Rudoren and some of her sources are wrong. The scheduling of prayer services ore entry to the Temple Mount is a negotiable issue if both sides were willing to view it as not being a zero-sum game.

So, too, is the question about where the border of a Palestinian state that recognized the legitimacy of a Jewish state next door would be if parts of Jerusalem were included inside its borders. Nor is the red herring of municipal services to east Jerusalem Arabs, which Rudoren also speciously raised as a potential cause for terrorism, beyond discussion. That is especially true since most residents of Arab neighborhoods are, despite their complaints about Israelis, wary of being lumped in with the other victims of Mahmoud Abbas's West Bank kleptocracy.
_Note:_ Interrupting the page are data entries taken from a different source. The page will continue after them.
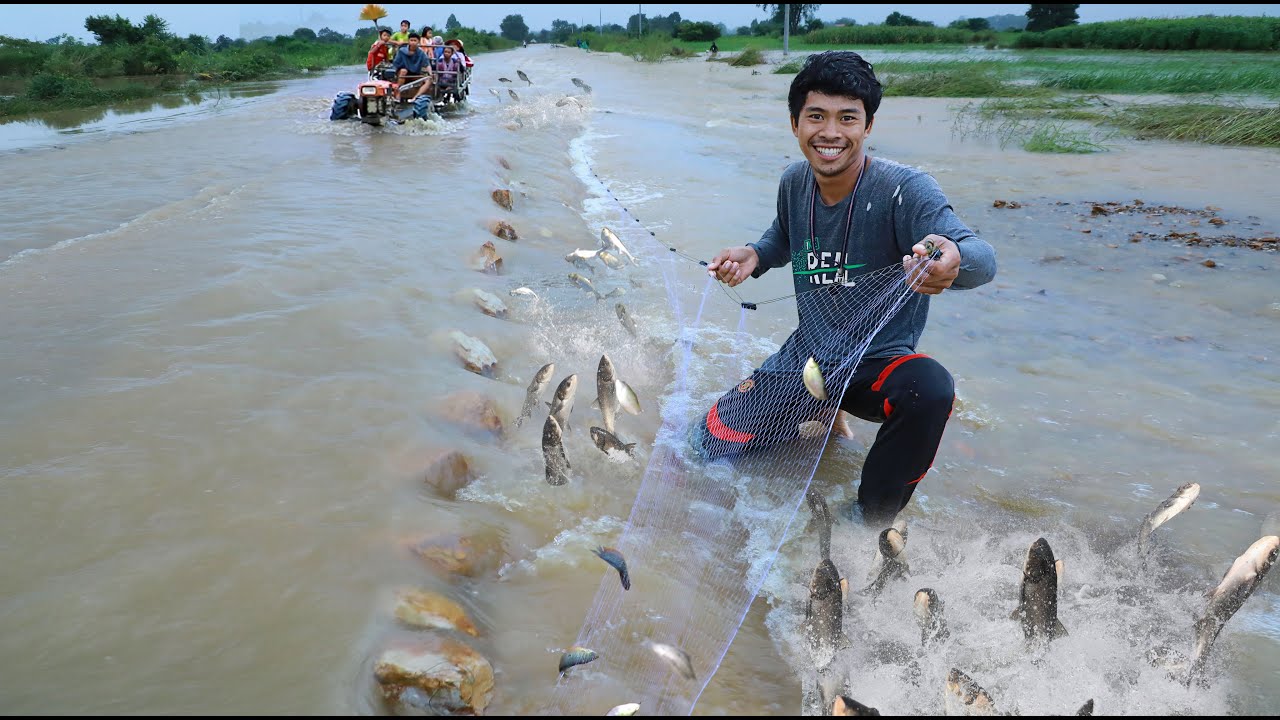 প্রচুর মাছ ধরা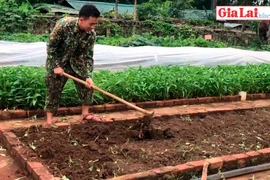 "Thực túc binh cường" ở Đồn Biên phòng Cửa khẩu Quốc tế Lệ Thanh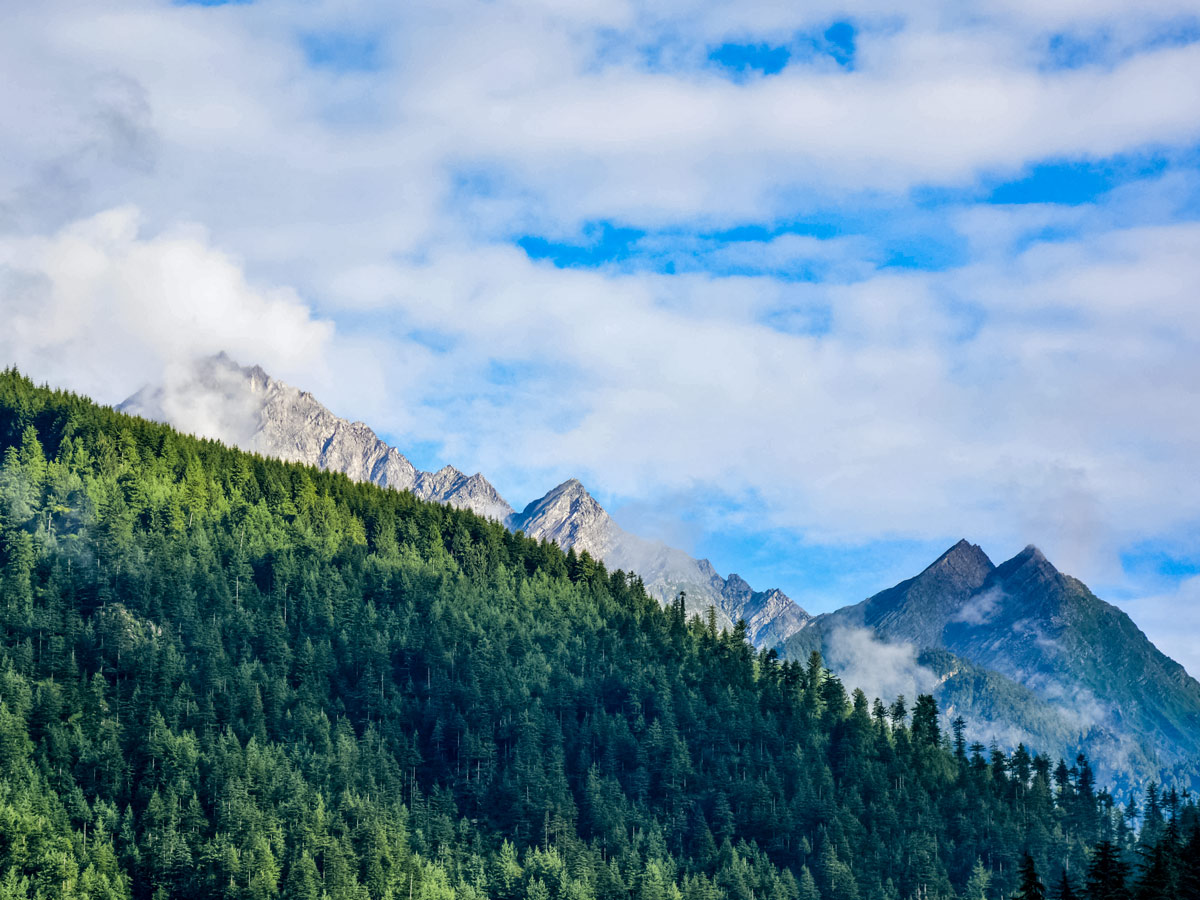 Forest and stunning Himalayan mountain peaks seen along safari tour in India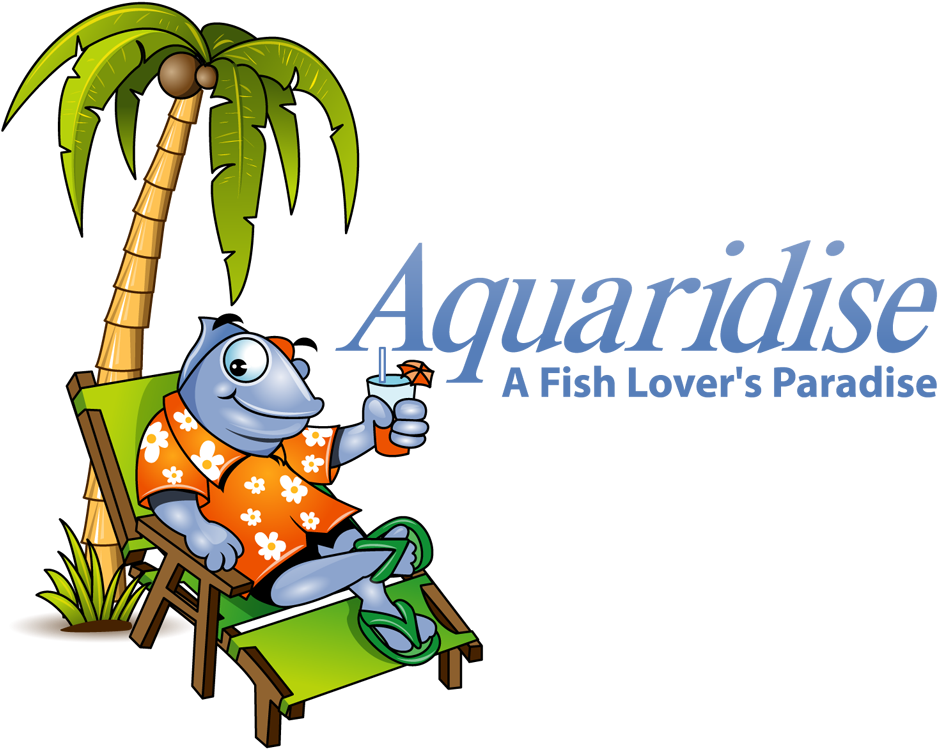 Tropical Fish Store & Aquarium Shop - Cartoon (1000x808), Png Download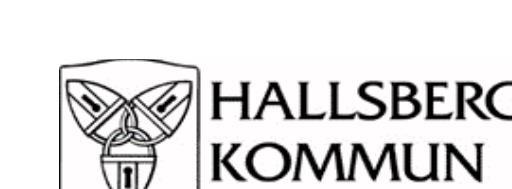 Återrapportering Intern kontrollplan för år 2018 Delårsrapport X Årsredovisning.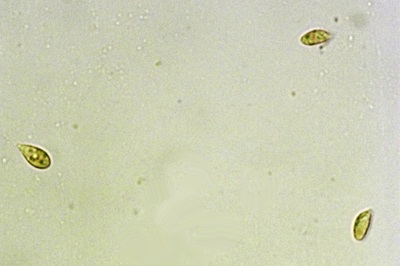 mycena-epipterygia9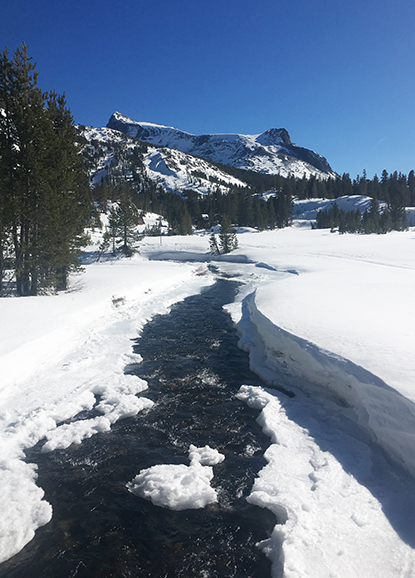 Lee Vining Creek and Mt. Dana on February 12, 2020. Lee Vining Creek and Mt. Dana on February 12, 2020.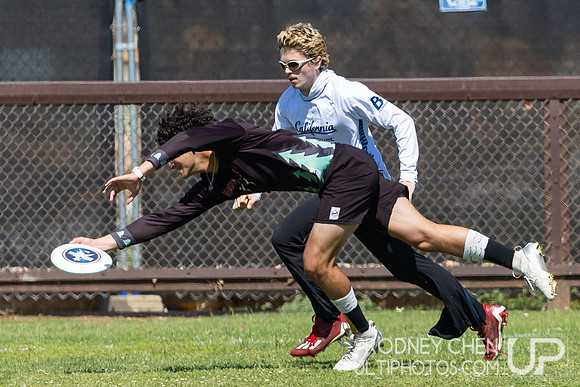 2025 USAU NorCal D1 Conference Championships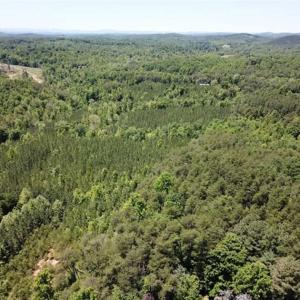 Photo of 35 Acres of Hunting and Residential Land For Sale in Henry County VA!
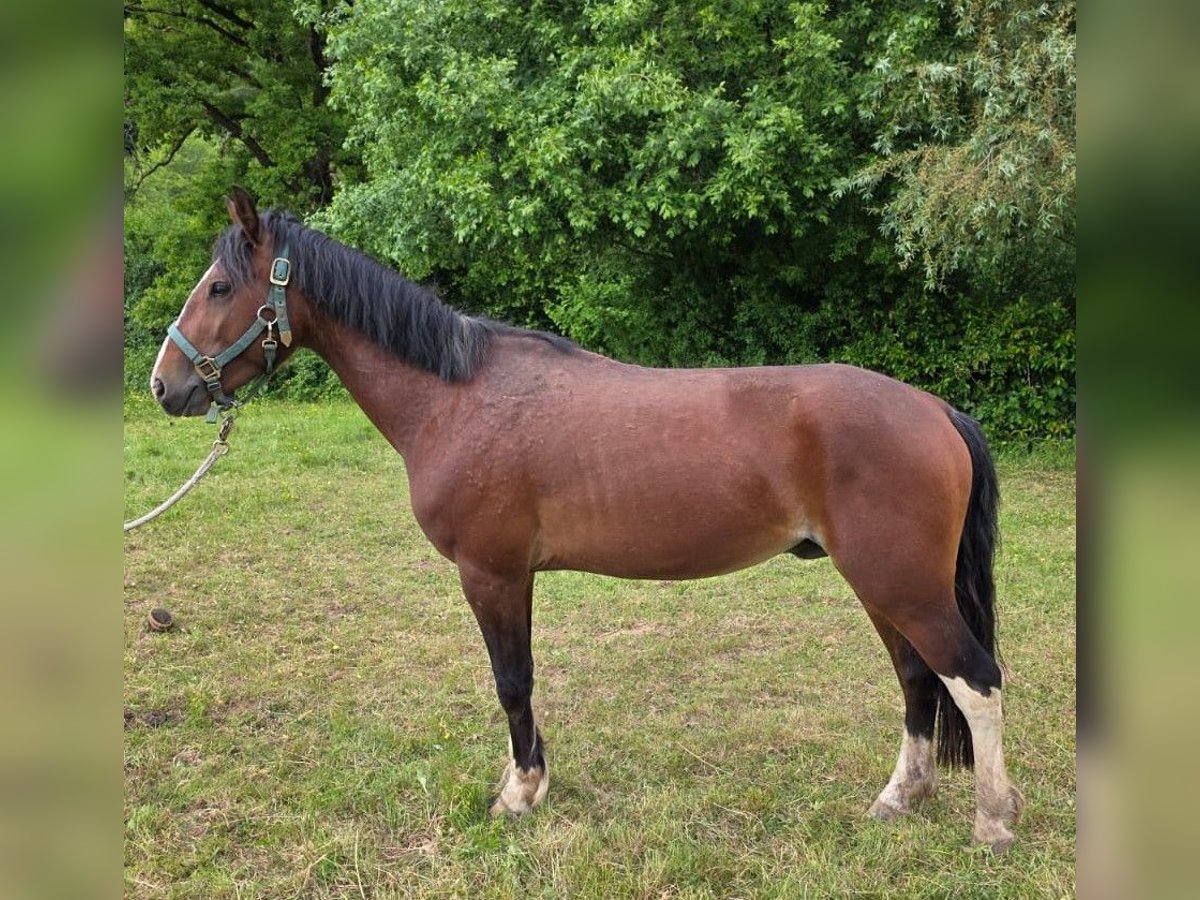 Criollo Wallach 3 Jahre 148 cm Brauner in Sommerkahl Criollo Wallach 3 Jahre 148 cm Brauner in Sommerkahl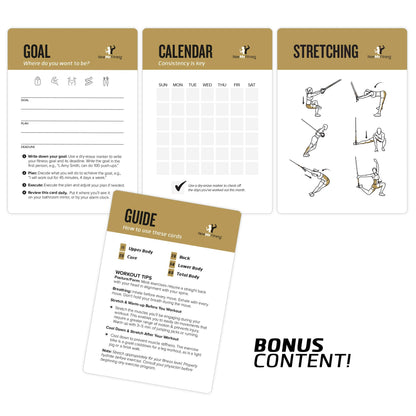 NewMe Fitness Suspension Workout Cards, Instructional Fitness Deck for Women & Men, Beginner Fitness Guide to Training Exercises at Home or Gym (Suspension, Vol 2)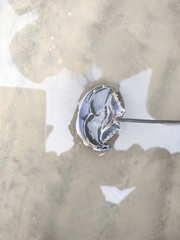 Carcinoscorpius rotundicauda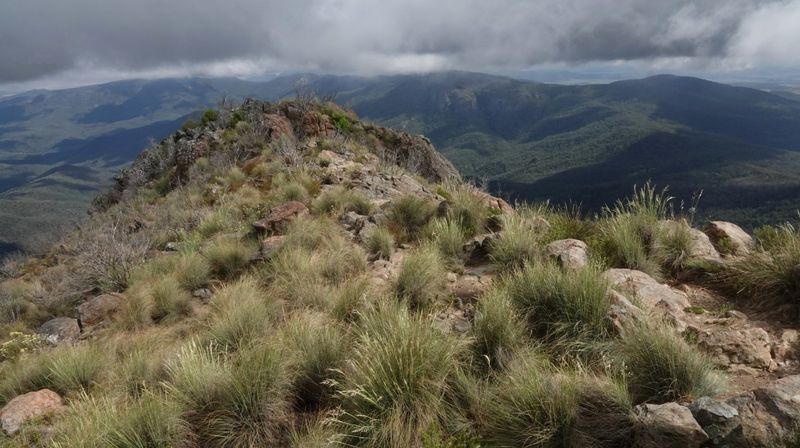Mount Kaputar summit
But what isn't negotiable is the demand heard on the Palestinian streets and in the official media of the Palestinian Authority and Hamas's independent state in all but name in Gaza for Israel's destruction. The praise being heard for this latest instance of "resistance to the occupation" isn't about Jerusalem's municipal boundary but the "occupation" of any part of the country—including all the territory that was under Israeli control prior to June 1967.

That is what isn't negotiable and won't be until a sea change in Palestinian political culture occurs that will make the shocking pro-terror demonstrations impossible. Until the Palestinians give up their dreams of Israel's destruction, more than Jerusalem will remain non-negotiable.

And that is a reality that an American administration and its media cheering section at the Times that has falsely blamed Israel for the failure to achieve peace must also learn to take into account if they are to understand what is really happening in the region.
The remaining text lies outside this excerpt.